Last year I made a video that EXPLODED, and instead of the typical comments like “you’re hilarious! 🤣🤣”, the comments section was a bit more…let’s say…disappointed.

Because of this, I refrained from reading the comments of the video, because in the beginning, most of it was all so very negative.

One day I accidentally clicked on a notification from the video.

I read the comment.

It actually…wasn’t as bad as I thought it would have been.

That inspired me to go back and see if there are more comments from people that actually understood my point in the video.

But because many of the top comments were negative from the last time I checked, I really didn’t want to sift through aaaall that negativity. So, I let my NLP do it for me, and here’s how I did it.
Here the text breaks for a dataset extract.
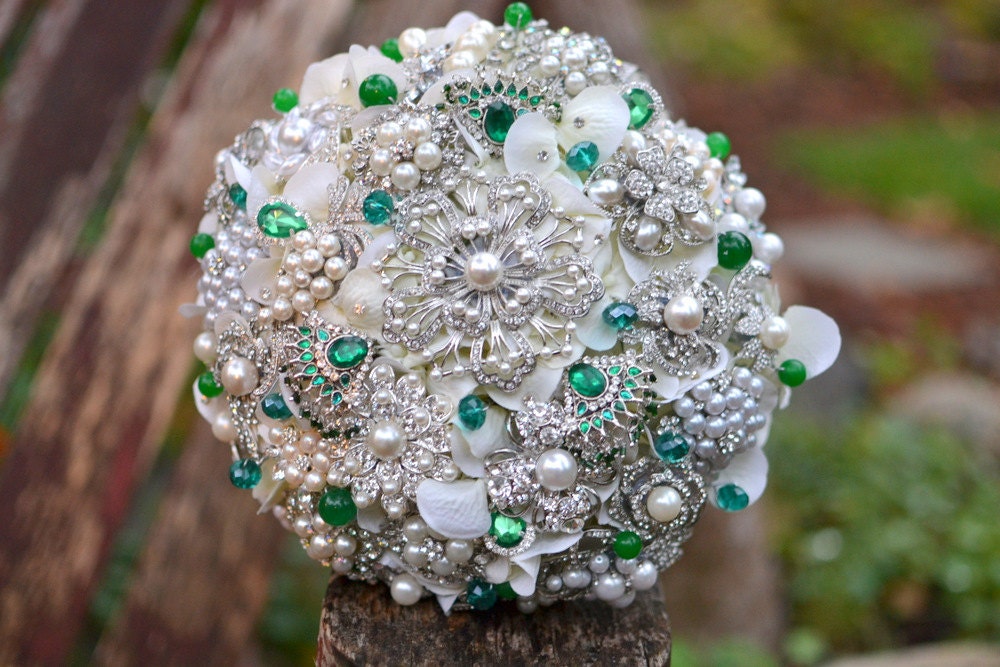 Emerald and pearl brooch bridal bouquet deposit on a made to order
This process took approximately….forever. And even though I’m really proud of myself for finishing this, I have learned that I kinda bit off a bit more than I could chew with data science. And I need to start from the beginning.

The HOW and WHY of my NLP

We need to understand what the heck we are actually trying to accomplish.
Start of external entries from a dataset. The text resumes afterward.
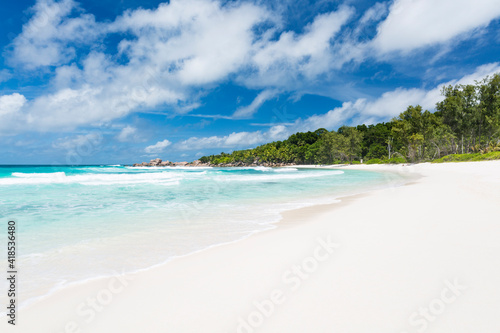 Fototapeta Naklejka Na Ścianę i Meble -  Perfect Beach And Emerald Water, Seychelles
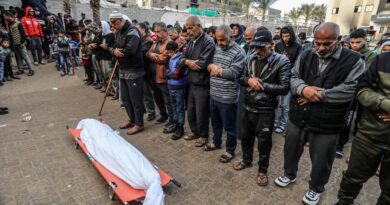 Guerre au Proche-Orient : Israël bombarde un hôpital et des camps de réfugiés à Gaza, 11 morts « dont des enfants »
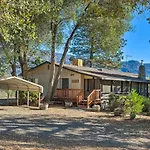Secluded Mountain Hideaway Less Than 8 Miles To Bass Lake!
So in reality, we want to read YouTube comments. You only want to turn those YouTube comments into vectors so that our machine learning algorithm can decipher those comments and do what we want it to do with those comments.
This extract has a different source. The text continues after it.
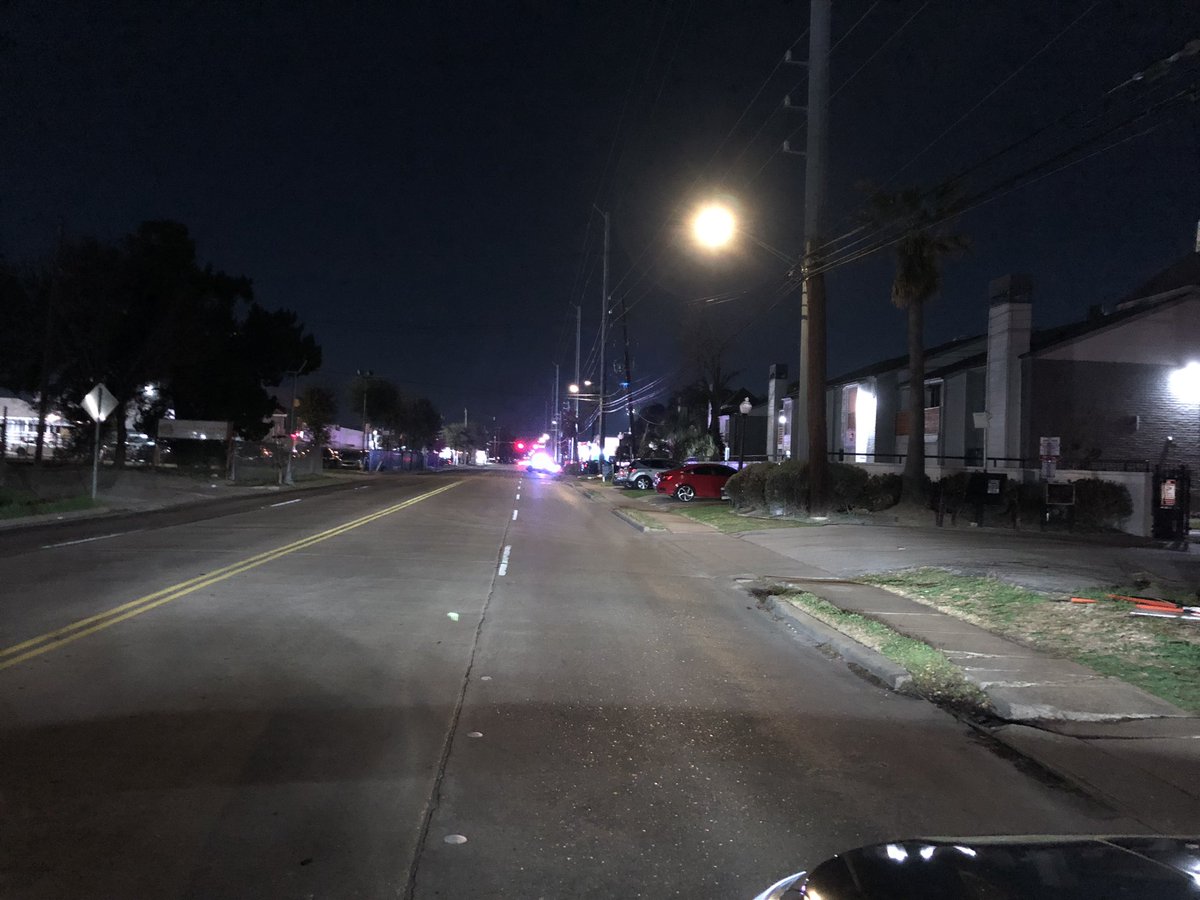 Houston Police:Mid West, K9 and FOX are assisting Bellaire and West U officers searching for Burglary Suspects 3500 Dunvale. Two in custody, searching for a third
We want to group our comments into different topics to see if we can find underlying themes in the bloodbath — I mean, the comment section.

So that means that we need to go to YouTube. But instead of us downloading or copying and pasting each and every single YouTube comment under that video (which had over 150 comments), we need to work a little bit smarter and not so much harder.

A brief lesson on APIs.

In order to do that we’re going to use something called an API, an Application Programming Interface.

Just for giggles, let’s look up what an API is:

“An application programming interface (API) is a computing interface that defines interactions between multiple software intermediaries.” From mighty Wikipedia.

Live footage of myself after reading that definition.

Live footage of myself after reading that description.

I don’t like that definition. So here is my own.

An API is a middleman for you to get the information that you need from a software or program without manually exploring the entire software (in this case YouTube).

API is kind of like having your mini YouTube inside of your Jupyter notebook. It’s kind of like going into the backdoor to steal the PS5 in the basement of your neighbor's house versus going through the front door, greeting all the family members, going downstairs and *inconspicuously* take the console and run with it.

So instead of me going to YouTube.com to sift through all those YouTube comments, I’m going to the back end and with a small query search, I can find that YouTube video, scrape all the comments, and put them into a spreadsheet.

Obviously, it’s not going to be that simple since it took me almost 3 months to do this project, but you get the gist.

But seriously, APIs are important. If you ever wanted to make an app that requires Google Calendar, you’re going to need a Google API. If you want to include some sort of app that already exists into something you create, then you’re going to need that app’s API.

So if you think about it, waitresses are APIs because they deliver your food that you ordered. You don’t have to go up to the actual cook to ask when your food is going to be ready.

This was actually my first time using an API (can you tell?). And I don’t quite exactly know the ins and outs of accessing the YouTube API, so here is the tutorial that I followed to help me do that for the first time.

Although, one thing I’m learning about machine learning tutorials online is that, when you try and apply what you learned to your own unique project, it’s never as simple as copy and paste. Never.

The data is never as cute and clean, and the models need more tuning.

However, for accessing the Google/YouTube API. It actually was as easy as copy and paste. So here you are.

Just don’t ask me to explain this to you, for that is not my ministry just yet.

Once you run this, two links will populate, and they’ll ask you to log into your GMAIL account to access the API, which I thought was cool. At first.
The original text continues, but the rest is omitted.